## Data in this exercise
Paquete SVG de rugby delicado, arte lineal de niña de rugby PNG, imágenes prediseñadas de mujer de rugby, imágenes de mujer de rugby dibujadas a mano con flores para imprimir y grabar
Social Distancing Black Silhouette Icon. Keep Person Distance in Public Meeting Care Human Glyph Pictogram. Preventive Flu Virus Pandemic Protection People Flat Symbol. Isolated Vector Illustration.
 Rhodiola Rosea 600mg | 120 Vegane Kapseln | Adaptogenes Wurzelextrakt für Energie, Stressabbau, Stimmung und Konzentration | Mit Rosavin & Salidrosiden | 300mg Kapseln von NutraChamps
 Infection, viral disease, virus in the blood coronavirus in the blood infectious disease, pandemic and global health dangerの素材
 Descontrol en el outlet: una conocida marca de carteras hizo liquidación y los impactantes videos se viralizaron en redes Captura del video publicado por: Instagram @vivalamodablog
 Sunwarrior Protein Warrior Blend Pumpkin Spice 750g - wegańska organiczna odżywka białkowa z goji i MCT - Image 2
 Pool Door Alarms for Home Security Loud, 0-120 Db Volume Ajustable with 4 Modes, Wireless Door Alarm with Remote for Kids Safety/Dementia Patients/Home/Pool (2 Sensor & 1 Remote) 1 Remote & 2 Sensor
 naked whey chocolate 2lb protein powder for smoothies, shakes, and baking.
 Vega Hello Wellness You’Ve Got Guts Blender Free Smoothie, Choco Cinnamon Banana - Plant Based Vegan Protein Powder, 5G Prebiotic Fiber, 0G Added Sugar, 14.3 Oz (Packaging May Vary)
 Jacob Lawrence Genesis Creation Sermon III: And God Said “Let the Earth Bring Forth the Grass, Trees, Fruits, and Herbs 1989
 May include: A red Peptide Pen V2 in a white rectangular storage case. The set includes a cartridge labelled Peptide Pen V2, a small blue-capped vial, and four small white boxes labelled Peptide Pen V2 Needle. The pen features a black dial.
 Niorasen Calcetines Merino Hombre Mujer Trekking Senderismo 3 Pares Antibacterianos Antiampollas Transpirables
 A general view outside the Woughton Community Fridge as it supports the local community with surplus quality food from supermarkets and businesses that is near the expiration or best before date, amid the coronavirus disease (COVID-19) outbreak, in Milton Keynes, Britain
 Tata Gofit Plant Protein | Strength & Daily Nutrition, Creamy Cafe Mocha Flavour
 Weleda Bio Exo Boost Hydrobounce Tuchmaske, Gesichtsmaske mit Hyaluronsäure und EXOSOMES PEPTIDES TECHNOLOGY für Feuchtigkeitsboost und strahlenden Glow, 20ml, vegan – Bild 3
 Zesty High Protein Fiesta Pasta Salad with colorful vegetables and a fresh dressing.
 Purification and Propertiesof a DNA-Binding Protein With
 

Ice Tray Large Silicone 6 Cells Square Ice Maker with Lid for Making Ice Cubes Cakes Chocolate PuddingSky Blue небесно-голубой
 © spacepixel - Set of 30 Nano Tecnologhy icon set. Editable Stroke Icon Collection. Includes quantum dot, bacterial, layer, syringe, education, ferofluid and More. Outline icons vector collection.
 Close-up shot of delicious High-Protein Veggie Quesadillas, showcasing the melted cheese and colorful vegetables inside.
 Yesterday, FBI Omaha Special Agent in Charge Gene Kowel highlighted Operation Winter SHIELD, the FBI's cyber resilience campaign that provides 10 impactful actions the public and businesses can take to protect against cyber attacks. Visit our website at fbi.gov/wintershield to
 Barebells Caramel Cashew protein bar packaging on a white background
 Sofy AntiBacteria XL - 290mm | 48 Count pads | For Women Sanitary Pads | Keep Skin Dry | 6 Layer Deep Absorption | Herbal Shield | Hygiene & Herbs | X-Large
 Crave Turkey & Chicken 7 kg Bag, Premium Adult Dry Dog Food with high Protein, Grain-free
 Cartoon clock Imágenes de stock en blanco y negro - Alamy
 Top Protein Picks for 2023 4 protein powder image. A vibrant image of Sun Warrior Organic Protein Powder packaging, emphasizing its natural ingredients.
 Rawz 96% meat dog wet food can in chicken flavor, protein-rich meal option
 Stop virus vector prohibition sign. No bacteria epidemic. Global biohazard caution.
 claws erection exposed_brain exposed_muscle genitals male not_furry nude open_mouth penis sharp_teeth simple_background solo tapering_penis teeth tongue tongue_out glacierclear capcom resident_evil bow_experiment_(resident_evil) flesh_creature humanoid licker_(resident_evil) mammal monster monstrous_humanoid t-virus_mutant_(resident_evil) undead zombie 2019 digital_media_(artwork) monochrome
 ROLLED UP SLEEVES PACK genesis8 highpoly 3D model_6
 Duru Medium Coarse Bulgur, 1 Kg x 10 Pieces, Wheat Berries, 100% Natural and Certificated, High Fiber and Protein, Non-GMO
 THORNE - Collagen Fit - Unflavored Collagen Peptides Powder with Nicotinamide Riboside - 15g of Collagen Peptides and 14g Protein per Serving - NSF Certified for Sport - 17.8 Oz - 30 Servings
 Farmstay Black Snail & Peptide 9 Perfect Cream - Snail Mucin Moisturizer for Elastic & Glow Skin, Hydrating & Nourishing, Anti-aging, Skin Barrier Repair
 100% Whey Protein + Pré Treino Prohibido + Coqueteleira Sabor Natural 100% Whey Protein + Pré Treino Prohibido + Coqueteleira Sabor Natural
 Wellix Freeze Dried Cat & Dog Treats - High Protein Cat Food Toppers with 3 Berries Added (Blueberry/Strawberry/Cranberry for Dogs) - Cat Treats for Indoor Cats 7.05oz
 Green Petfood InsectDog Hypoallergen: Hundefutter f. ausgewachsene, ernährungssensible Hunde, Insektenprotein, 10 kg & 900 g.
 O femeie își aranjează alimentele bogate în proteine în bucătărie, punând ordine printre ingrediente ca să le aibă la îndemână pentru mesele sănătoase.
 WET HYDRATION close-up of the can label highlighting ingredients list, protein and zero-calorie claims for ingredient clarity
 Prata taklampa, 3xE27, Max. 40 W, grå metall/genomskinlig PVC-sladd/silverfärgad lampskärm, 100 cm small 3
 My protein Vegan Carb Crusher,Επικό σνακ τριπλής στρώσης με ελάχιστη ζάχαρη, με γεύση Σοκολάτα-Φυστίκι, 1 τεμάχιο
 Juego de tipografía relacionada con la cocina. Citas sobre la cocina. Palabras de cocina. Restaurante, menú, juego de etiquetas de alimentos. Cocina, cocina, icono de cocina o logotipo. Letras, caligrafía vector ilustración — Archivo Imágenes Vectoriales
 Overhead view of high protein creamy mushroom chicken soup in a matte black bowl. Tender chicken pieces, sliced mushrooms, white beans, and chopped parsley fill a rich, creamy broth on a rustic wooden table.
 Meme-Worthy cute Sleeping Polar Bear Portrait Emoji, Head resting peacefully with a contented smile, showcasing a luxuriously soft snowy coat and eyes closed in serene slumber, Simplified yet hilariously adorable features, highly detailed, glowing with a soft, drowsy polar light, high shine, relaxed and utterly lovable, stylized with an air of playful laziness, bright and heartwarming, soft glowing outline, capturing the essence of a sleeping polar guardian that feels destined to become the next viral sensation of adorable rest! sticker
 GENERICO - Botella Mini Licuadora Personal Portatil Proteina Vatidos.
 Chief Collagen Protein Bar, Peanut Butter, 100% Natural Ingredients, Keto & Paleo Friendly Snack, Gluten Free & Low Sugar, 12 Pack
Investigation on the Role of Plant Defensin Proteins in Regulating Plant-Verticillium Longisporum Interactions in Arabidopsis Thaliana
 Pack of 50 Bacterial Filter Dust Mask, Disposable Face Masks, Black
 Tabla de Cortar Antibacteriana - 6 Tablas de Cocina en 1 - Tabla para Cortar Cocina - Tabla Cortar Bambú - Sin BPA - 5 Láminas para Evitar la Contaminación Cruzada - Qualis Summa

## Assignment
Copy out only the lines above from the one with "Niorasen Calcetines Merino" to the one with "icons vector collection.", inclusive, exactly as they stand.

## Exercise result
 Niorasen Calcetines Merino Hombre Mujer Trekking Senderismo 3 Pares Antibacterianos Antiampollas Transpirables
 A general view outside the Woughton Community Fridge as it supports the local community with surplus quality food from supermarkets and businesses that is near the expiration or best before date, amid the coronavirus disease (COVID-19) outbreak, in Milton Keynes, Britain
 Tata Gofit Plant Protein | Strength & Daily Nutrition, Creamy Cafe Mocha Flavour
 Weleda Bio Exo Boost Hydrobounce Tuchmaske, Gesichtsmaske mit Hyaluronsäure und EXOSOMES PEPTIDES TECHNOLOGY für Feuchtigkeitsboost und strahlenden Glow, 20ml, vegan – Bild 3
 Zesty High Protein Fiesta Pasta Salad with colorful vegetables and a fresh dressing.
 Purification and Propertiesof a DNA-Binding Protein With
 

Ice Tray Large Silicone 6 Cells Square Ice Maker with Lid for Making Ice Cubes Cakes Chocolate PuddingSky Blue небесно-голубой
 © spacepixel - Set of 30 Nano Tecnologhy icon set. Editable Stroke Icon Collection. Includes quantum dot, bacterial, layer, syringe, education, ferofluid and More. Outline icons vector collection.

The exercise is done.